# The Mastiffs at the river this eve



## Lisa_j (Apr 7, 2011)

Cami
















SHe puts her head under all of the time, crazy dog!


----------



## AdrianVall (Aug 26, 2010)

WOOOO HOOOO! Now I just LOVE LOVE LOVE these pictures! As you know, I've got a soft spot for mastiffs!   
They look like they are having so much fun. Great pictures and thanks for sharing!


----------



## luvMyBRT (Mar 8, 2010)

What great pics.! I love the ones of Cami with her head underwater! They look like they are having a great time. Thanks for sharing!


----------



## catahoulamom (Sep 23, 2010)

The pictures of Cami with her head under the water are hilarious!


----------



## Herzo (Feb 5, 2011)

Shes too funny. Love the life vest.


----------



## magicre (Apr 7, 2010)

how come only one got a life vest?
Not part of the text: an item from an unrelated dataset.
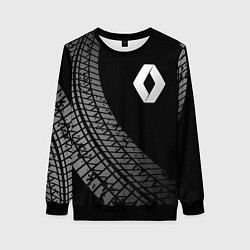 Свитшот женский Renault tire tracks, цвет: 3D-черный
LOL

that is very cool....i love mastiffs.


----------



## Onyxmom2 (Jan 10, 2011)

They sure are beautiful!! Love the pics, thanks for sharing!


----------



## Lisa_j (Apr 7, 2011)

magicre said:


> how come only one got a life vest? LOL
> 
> that is very cool....i love mastiffs.


Because I only have one life vest, LOL! She was the only one that really swam, she was limping a while back, limp is gone but I want her to swim several days a week to strengthen that leg more. Titus just dumbs around at the shore line anyhow!


----------



## Janet At Nutro (Mar 11, 2011)

I had know idea that Mastiffs would enjoy the water so much. You took some great pictures!


----------